▶ Requirement: The task calls for the lines below from the line with "Used 2020 Nissan Pathfinder SV FWD image 28" to the line with "The Holiday Flat, Gateway", both ends included, copied exactly, without any pictures.

▶ Stored data:
↓

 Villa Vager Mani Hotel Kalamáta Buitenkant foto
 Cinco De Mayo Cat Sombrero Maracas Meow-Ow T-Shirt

↑
↓

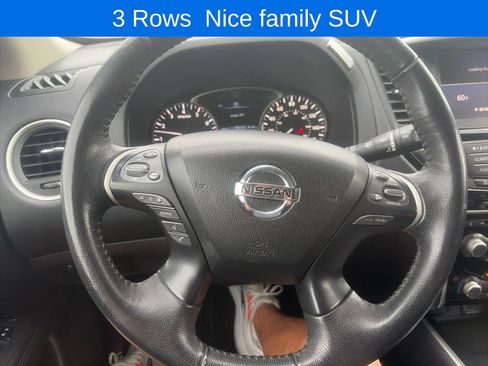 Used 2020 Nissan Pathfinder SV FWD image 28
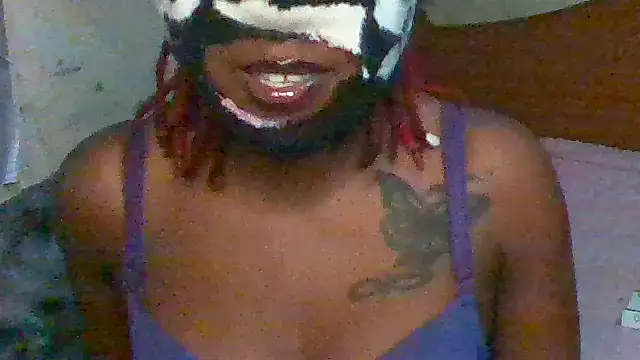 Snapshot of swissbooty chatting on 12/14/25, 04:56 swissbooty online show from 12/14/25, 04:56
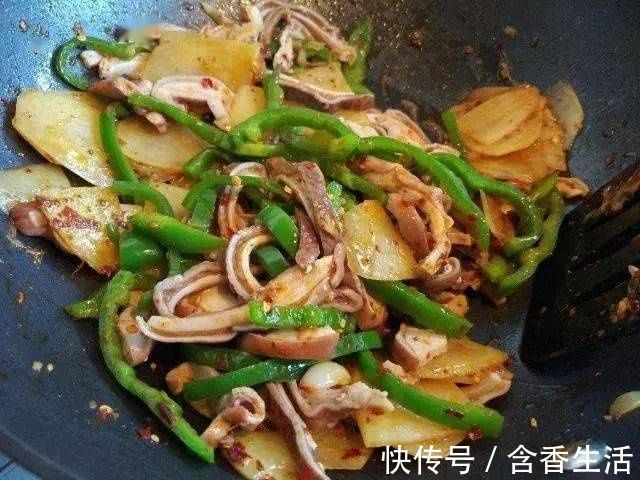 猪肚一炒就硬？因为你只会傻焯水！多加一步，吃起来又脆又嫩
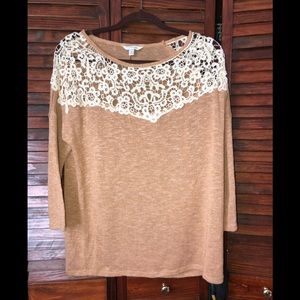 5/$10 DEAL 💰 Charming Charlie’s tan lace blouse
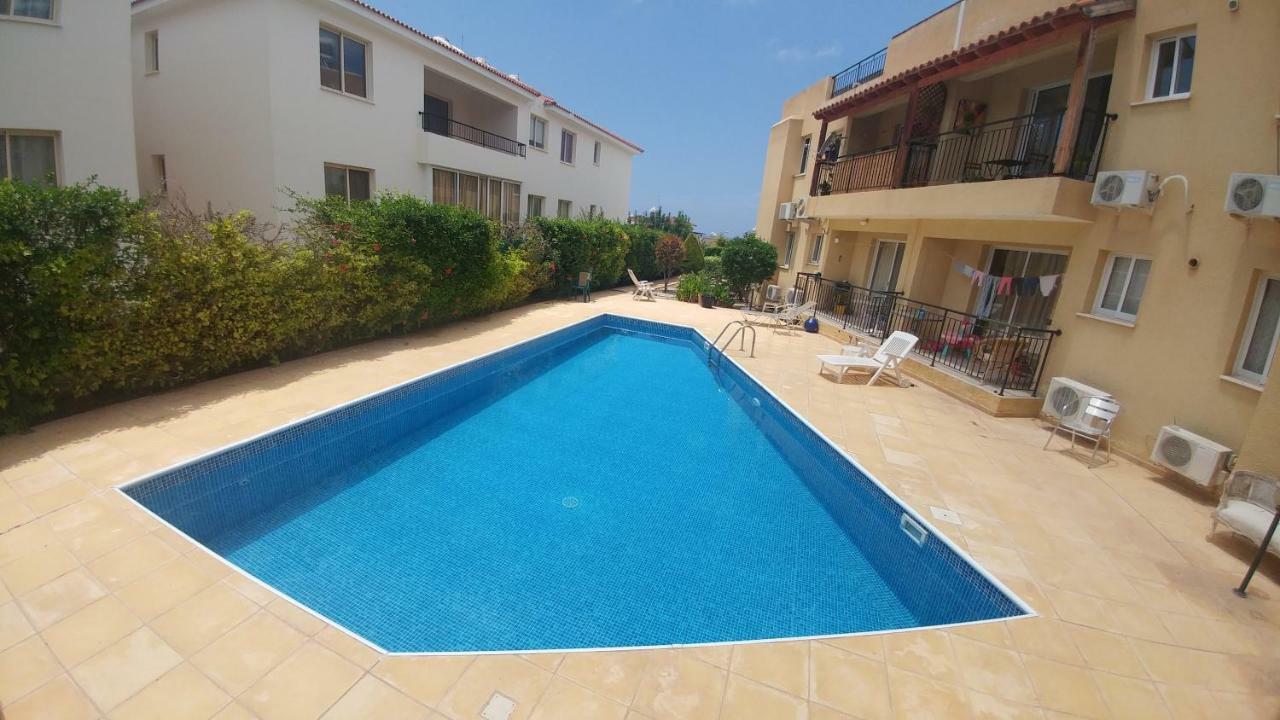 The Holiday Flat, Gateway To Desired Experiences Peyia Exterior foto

↑

▶ Response to the task:
 Used 2020 Nissan Pathfinder SV FWD image 28
 Snapshot of swissbooty chatting on 12/14/25, 04:56 swissbooty online show from 12/14/25, 04:56
 猪肚一炒就硬？因为你只会傻焯水！多加一步，吃起来又脆又嫩
 5/$10 DEAL 💰 Charming Charlie’s tan lace blouse
 The Holiday Flat, Gateway To Desired Experiences Peyia Exterior foto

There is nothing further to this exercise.